The IBM® MQ Appliance might experience outages both planned and unplanned. The high availability (HA) features of the appliance enable queue managers to have maximum availability. The HA features of the IBM MQ Appliance give the appliance an ability to withstand software or hardware outages. Therefore, it is available as much of the time as possible. These outages might be planned events, such as maintenance and backups, or unplanned events, such as hardware failures or power failures.
To configure HA for the IBM MQ Appliance, you can connect a pair of appliances either directly, or by using switches (a separate switch for each link). You must then create an HA group for this pair of appliances. To work most effectively as a high availability solution, the two appliances need to be in close physical proximity to one another. For this reason the HA solution is not intended to provide disaster recovery, although you can configure a disaster recovery solution for queue managers that run on your HA pair.
For details of combining HA and disaster recovery on the appliance, see Disaster recovery for a high availability configuration. A queue manager can belong to an HA group and be part of a disaster recovery configuration.
The HA group controls the availability of any HA queue managers that are created on the appliances. By default, the HA queue managers are run on the appliance on which they are created, when that appliance is available. This appliance is known as the preferred appliance of the HA queue manager. You can use commands to specify the other appliance as the preferred appliance, if required, or to specify that the queue manager has no preferred appliance (see Managing queue manager locations in a high availability group).
If an appliance in the pair is stopped for any reason, the HA queue managers that are running on that appliance automatically start to run on the other appliance. That is, the queue managers are failed over to the other appliance. When the stopped appliance is restarted, and the required data is replicated back to that appliance, it resumes running the HA queue managers for which it is the preferred appliance. Persistent messages are preserved.
To ensure that the HA queue manager is ready to run on either appliance, queue manager data is replicated synchronously between the appliances. In some situations, such as when one appliance is unavailable, the queue manager data cannot be replicated synchronously. When the appliance becomes available, the queue managers in the HA group enter a catch-up phase, in which the queue manager data is replicated. By default, the appliances use a dedicated 10 Gb Ethernet connection for replication. You can select a 40 Gb Ethernet or 100 Gb Ethernet connection if required (see sethalink).
This HA solution enables all the HA queue managers in the HA group to continue running when one appliance in the group is stopped. If both appliances in the HA group fail at the same time, the HA queue managers cannot run until at least one of the appliances is restarted.
Appliances in an HA group can run other queue managers that are outside of the HA group, but if the appliance fails or is stopped, then that queue manager stops. Appliances can belong only to one HA group.
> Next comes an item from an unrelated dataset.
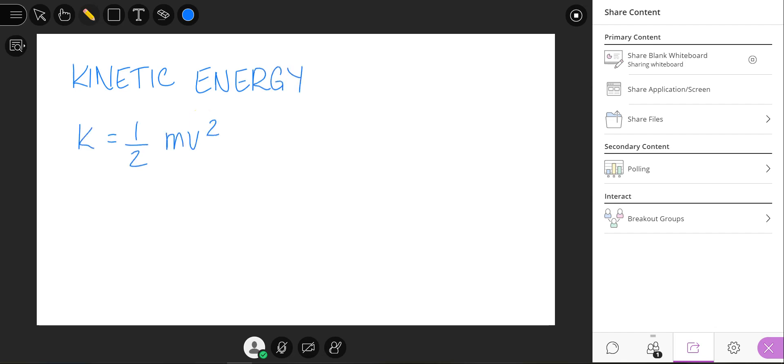You can learn more about the whiteboard annotation tools within Blackboard Help located under the Open Session menu icon.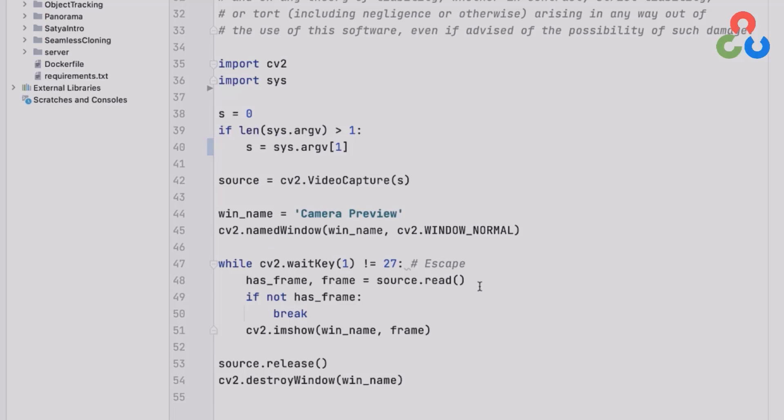So the first line in this loop, line 48, uses that video capture object source to call the read method in that class and that read method will return a single frame from the video stream as well as a logical variable has_frame.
Applications can connect to HA queue managers in one of two ways. They can have an IP address configured for the data interface on each of the appliances in the HA group, and the application itself determines which one to use for connecting to the active queue manager. Alternatively, applications can use a single floating IP address to access a particular queue manager, and that IP address will work for that queue manager whichever appliance it is running on (note that the appliances still both require an interface configured with a static IP for the floating IP address to map to). Using a floating IP address in this way makes queue manager failover almost invisible to the connecting application.
Example HA group
In the example configuration, two IBM MQ Appliances, named castor and pollux, are located in the same data center, in adjacent racks. The three cables that connect the two appliances are less than a meter long, and so communication between the two has the minimum of delay.
The appliance that is named pollux runs one queue manager, terentia1, which is inside the HA group. The appliance that is named castor has two queue managers that are running within the HA group, cicero1 and cicero2. It also has another queue manager, tullia2, that runs outside the HA group. Both castor and pollux have shadow versions of the HA queue managers on the other appliance. These queue managers are kept up to date by replication across the replication interface. Two more interfaces, a primary and a secondary, track the heartbeat of the other appliance.
The rack that castor is in suffers a power failure. The appliance that is named pollux detects that castor has failed, and starts to run the queue managers cicero1 and cicero2. The queue manager tullia2 is outside the HA group, so does not fail over to pollux.
When power is restored, the queue managers cicero1 and cicero2 run on the appliance that is named castor again.